The Sophienkirche (Kirche is the German word for church) dates back a few centuries, and like much of the religious architecture in Berlin, it’s teeming with history. The designer for the church was Philipp Gerlach, who was given the orders to carry out the delineations of its architecture by Frederick I of Prussia. The monarch was actually the one to lay the first stone, a holy and righteous honor.
Meanwhile, Frederick I married three times over the course of his lifetime. It was during his third marriage that Frederick died. The lucky lady number three, Sophie Luise von Mecklenburg-Schwerin, was supposed to have the church named after her. It was the wish of her late husband.
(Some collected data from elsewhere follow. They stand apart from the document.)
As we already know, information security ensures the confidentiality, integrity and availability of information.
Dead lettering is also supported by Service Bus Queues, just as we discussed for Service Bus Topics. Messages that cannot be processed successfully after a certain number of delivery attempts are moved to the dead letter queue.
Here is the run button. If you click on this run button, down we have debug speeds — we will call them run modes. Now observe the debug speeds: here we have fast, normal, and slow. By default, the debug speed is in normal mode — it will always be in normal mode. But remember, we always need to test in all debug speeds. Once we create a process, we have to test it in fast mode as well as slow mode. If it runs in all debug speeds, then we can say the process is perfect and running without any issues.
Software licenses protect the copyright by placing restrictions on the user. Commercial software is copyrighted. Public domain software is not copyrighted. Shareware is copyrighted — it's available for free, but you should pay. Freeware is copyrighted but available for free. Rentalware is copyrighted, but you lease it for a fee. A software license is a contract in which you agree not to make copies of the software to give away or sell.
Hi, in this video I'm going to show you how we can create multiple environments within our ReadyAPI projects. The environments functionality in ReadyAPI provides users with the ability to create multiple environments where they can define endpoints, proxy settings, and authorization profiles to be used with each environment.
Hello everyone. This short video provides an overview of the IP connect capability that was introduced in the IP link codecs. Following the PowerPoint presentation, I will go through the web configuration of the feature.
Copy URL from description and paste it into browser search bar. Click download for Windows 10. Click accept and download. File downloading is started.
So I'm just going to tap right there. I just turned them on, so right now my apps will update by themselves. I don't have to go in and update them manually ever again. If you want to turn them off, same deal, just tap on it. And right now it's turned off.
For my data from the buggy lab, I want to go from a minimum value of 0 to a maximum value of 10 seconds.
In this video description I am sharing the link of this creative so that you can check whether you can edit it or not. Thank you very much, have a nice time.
And during the consecration ceremony in Februrary of 1713 by the ruler who succeeded her late husband, Frederick William I, he was supposed to carry out his wish, but failed to do so. The reasons are unclear, but alas the name of the church whose first stone was laid by Frederick I was not dedicated to his wife. Later that year in June, the church took on the nomenclature Spandauische Kirche. And then the next ruler of Prussia, Frederick II, decided to go back to the original plan, and renamed it Sophie Luise, hence where we get the name Sophienkirche that it bears today.
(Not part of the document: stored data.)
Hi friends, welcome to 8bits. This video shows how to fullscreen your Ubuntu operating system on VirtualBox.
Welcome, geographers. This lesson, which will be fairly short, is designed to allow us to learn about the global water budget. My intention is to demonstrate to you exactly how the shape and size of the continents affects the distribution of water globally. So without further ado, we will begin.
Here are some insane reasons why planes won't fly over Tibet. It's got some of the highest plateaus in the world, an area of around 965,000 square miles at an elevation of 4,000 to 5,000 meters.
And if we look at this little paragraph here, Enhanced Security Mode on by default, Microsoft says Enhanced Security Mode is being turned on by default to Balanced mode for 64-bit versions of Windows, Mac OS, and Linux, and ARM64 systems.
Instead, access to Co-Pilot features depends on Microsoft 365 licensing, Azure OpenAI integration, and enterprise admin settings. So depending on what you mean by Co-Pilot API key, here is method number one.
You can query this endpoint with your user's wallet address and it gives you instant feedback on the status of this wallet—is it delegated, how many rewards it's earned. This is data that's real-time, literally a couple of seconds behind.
Johann Friedrich Grael added the baroque tower to its exterior a couple of decades later. And that wasn’t the last of the design alterations. Friedrich Schulze was commissioned to rebuild the church in the late nineteenth century. Through these alterations, the interior was given a much needed facelift, and the roof was given a bit more height. Altars were also added, and many other precautions were made to revitalize the church while also maintaining its aesthetic integrity. Two famous eighteenth-century German poets are also immortalized on the exterior of the church, Karl Wilhelm Ramler and Anna Louisa Karsch.
The cemetery adjacent to the pious Sophienkirche is called Friedhof II der Sophiengemeinde Berlin, with notable burials having taken place there, like the one for the composer Carl Friedrich Zelter.